Le pardon, ça s’apprend !
Il existe ainsi de nombreux témoignages de personnes ayant vécu des traumatismes graves et qui, pourtant, ont fini par pardonner. C’est le cas, par exemple, de Ginn Fourie, une Sud-Africaine dont la fille Lyndi-Ann, 23 ans, a été tuée en 1993 lors de l’attaque d’un pub au Cap par l’Armée de libération du peuple azanien (Azanian People’s Liberation Army, Apla), mouvement issu d’une scission de l’ANC (le Congrès national africain, l’organisation de Nelson Mandela). L’attaque faisait figure de représailles après la mort de cinq écoliers noirs, tués par les forces de défense sud-africaines un mois plus tôt.
Avant ce drame, Ginn Fourie n’avait rien d’extraordinaire: elle avait les mêmes préjugés que la plupart des Sud-Africains blancs vis-à-vis des Noirs. Pourtant, lors de leurs procès, Ginn Fourie a pardonné publiquement aux meurtriers de sa fille. À Brian Madasi, celui qui a tiré, mais aussi à Letlapa Mphahlele, le leader de l’Apla, qui avait ordonné l’attaque. Depuis, elle milite à ses côtés partout dans le monde pour prouver les bienfaits du pardon. ”C’est un processus à l’issue duquel vous prenez la décision de principe d’abandonner votre droit légitime à la vengeance, dit-elle lors de ses conférences. Cela signifie abandonner la colère et la haine. J’en étais incapable au début: je ne pouvais pas influer sur mes émotions, mais je pouvais agir sur ma raison.

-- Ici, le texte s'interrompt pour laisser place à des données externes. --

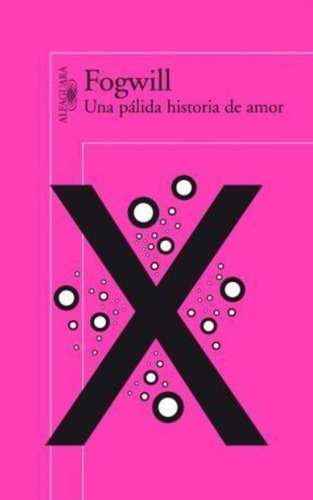 Una Palida Historia De Amor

Et une fois que j’ai pris la décision de pardonner, les émotions ont suivi.” Cela vaut le coup d’essayer, le pardon ne nous libère pas seulement de la prison du ressentiment, il booste aussi les émotions positives comme la compassion, l’espoir, l’empathie. Et nous rend plus heureux!
Développez votre matière grise par la méditation
“Nous savons aujourd’hui que les personnes ayant une densité de matière grise importante dans la zone du cortex chargée de ce qu’on appelle le “système de mentalisation” ou la “théorie de l’esprit”, soit notre capacité à imaginer les pensées de l’autre, sont celles qui ont le plus de facilité à pardonner. Mais rien n’est perdu car le cerveau est très plastique. Si vous voulez vous engager sur la voie du pardon, vous pouvez entraîner votre système de mentalisation et vos capacités d’empathie. Comment faire ? Il existe de nombreuses techniques d’entraînement cérébral. L’une des plus efficaces est la méditation. Celle-ci compte plusieurs techniques qui ont un impact important sur le fonctionnement et la structure du cerveau en augmentant la densité de matière grise dans ces régions cérébrales.”
Thomas Baumgartner, neuroscientifique (chercheur à l’université de Bern, spécialiste des neurosciences affectives et sociales).